• _DIRECTIONS FOR THIS TASK_
Starting at the line that contains "K__M__VV's tweet photo. 「いびがわの祭り ありがとう花火」" and stopping at the line that contains "5 Coopers Mews, Ongar, CM5 9AJ", transcribe every line of the material below exactly; pictures stay out.

• _DATA EXCERPTS_
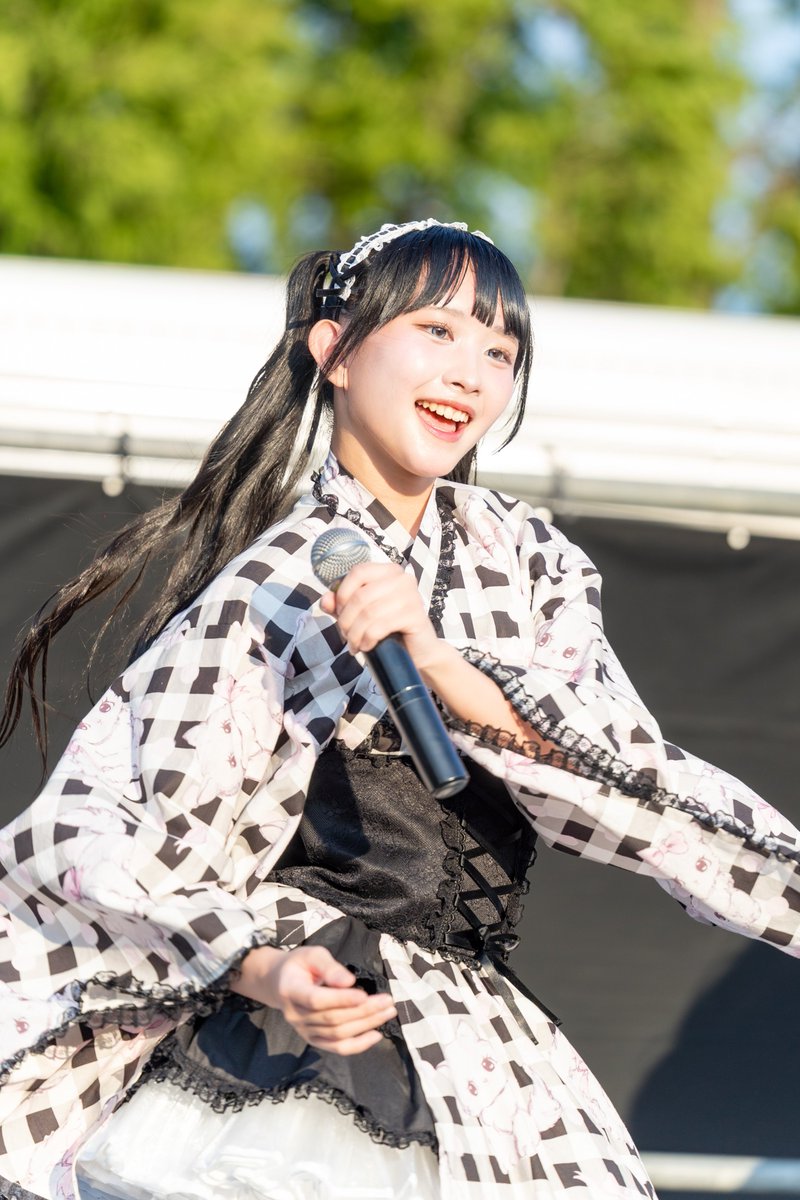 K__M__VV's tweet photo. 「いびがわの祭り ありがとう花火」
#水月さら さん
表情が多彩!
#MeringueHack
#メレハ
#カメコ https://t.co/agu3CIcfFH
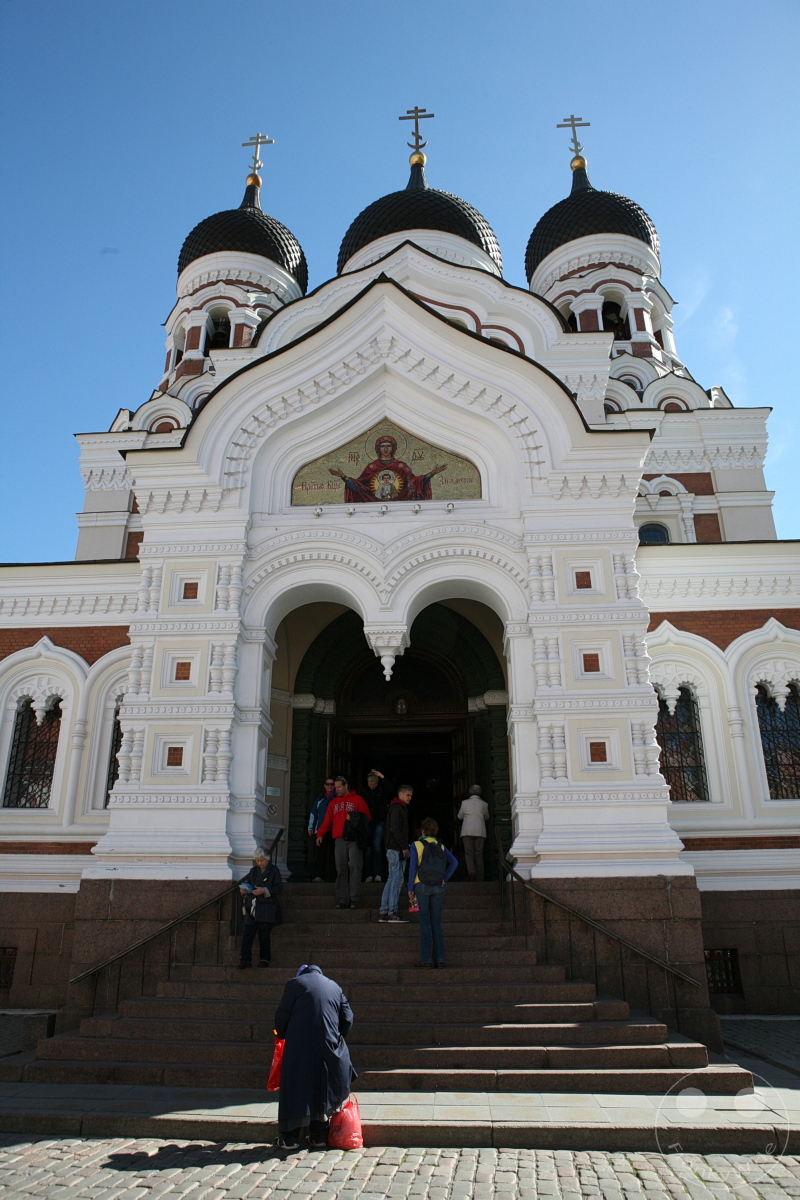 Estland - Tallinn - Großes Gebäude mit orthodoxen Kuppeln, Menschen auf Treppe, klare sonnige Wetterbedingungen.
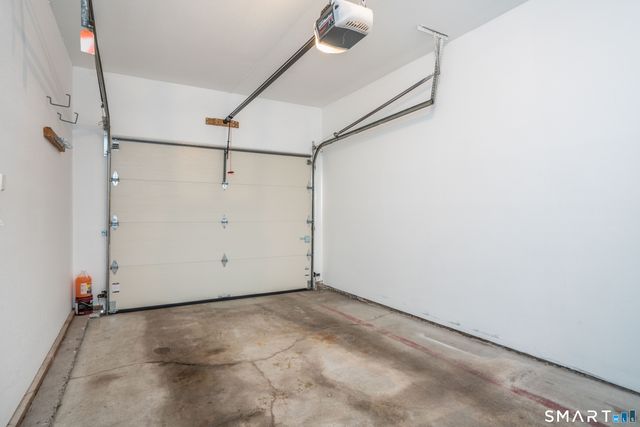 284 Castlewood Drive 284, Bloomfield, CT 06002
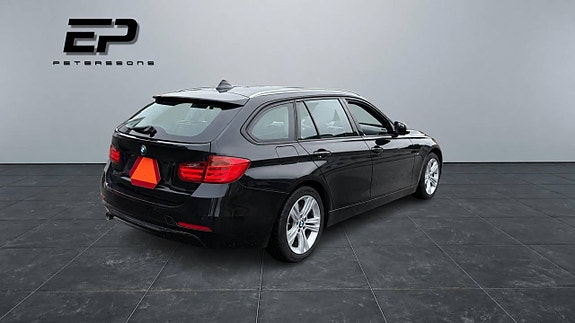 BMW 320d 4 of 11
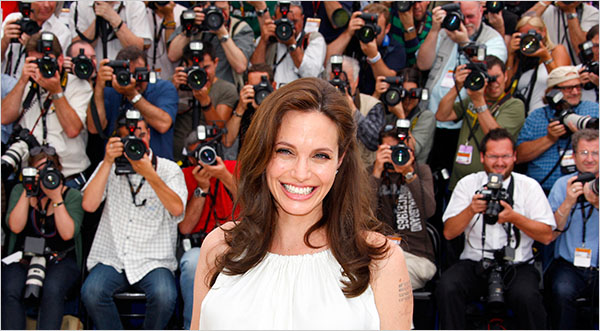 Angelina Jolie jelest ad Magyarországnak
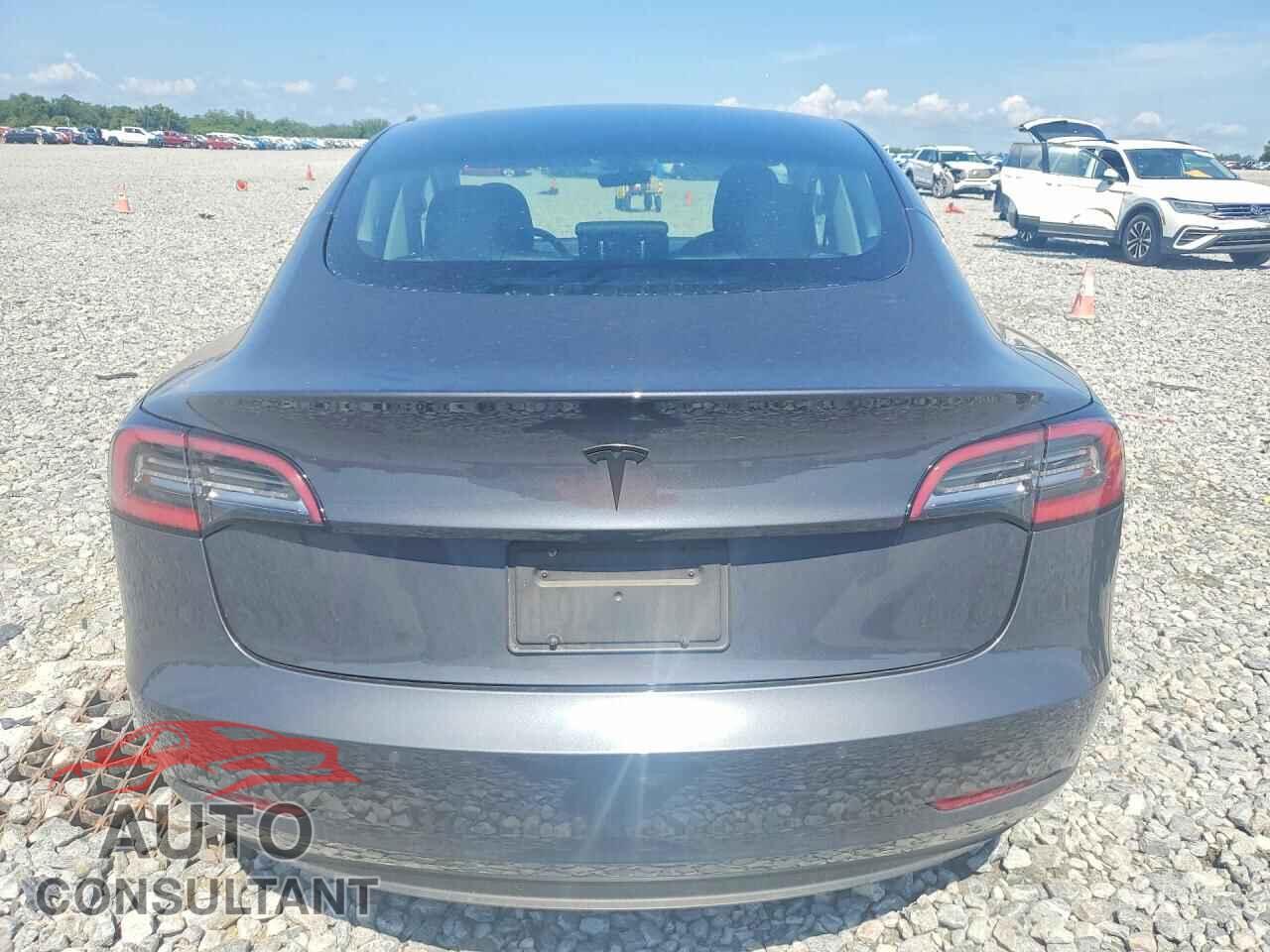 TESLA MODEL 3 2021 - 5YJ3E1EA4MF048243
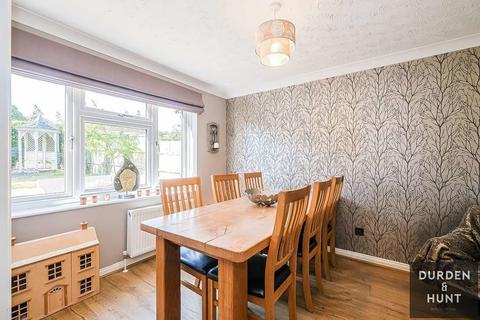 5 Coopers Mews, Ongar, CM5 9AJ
* * *
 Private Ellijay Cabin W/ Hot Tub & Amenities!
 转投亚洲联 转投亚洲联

• _WORKED SOLUTION_
 K__M__VV's tweet photo. 「いびがわの祭り ありがとう花火」
#水月さら さん
表情が多彩!
#MeringueHack
#メレハ
#カメコ https://t.co/agu3CIcfFH
 Estland - Tallinn - Großes Gebäude mit orthodoxen Kuppeln, Menschen auf Treppe, klare sonnige Wetterbedingungen.
 284 Castlewood Drive 284, Bloomfield, CT 06002
 BMW 320d 4 of 11
 Angelina Jolie jelest ad Magyarországnak
 TESLA MODEL 3 2021 - 5YJ3E1EA4MF048243
 5 Coopers Mews, Ongar, CM5 9AJ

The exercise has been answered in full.